> [Exercise requirements]
The lines to reproduce run from the first one below to the line containing "Durban, Südafrika. 25.", both included. Reproduce them exactly and nothing else.

> [Data shown]
--------------------------------

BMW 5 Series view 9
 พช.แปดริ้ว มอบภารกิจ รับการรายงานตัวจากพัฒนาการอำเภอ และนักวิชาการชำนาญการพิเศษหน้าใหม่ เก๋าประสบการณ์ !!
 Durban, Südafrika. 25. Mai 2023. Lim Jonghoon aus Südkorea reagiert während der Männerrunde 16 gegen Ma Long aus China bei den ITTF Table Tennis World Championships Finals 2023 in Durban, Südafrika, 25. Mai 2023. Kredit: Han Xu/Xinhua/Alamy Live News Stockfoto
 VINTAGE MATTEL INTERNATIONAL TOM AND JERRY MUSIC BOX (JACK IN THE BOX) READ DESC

--------------------------------

> [Your response]
BMW 5 Series view 9
 พช.แปดริ้ว มอบภารกิจ รับการรายงานตัวจากพัฒนาการอำเภอ และนักวิชาการชำนาญการพิเศษหน้าใหม่ เก๋าประสบการณ์ !!
 Durban, Südafrika. 25. Mai 2023. Lim Jonghoon aus Südkorea reagiert während der Männerrunde 16 gegen Ma Long aus China bei den ITTF Table Tennis World Championships Finals 2023 in Durban, Südafrika, 25. Mai 2023. Kredit: Han Xu/Xinhua/Alamy Live News Stockfoto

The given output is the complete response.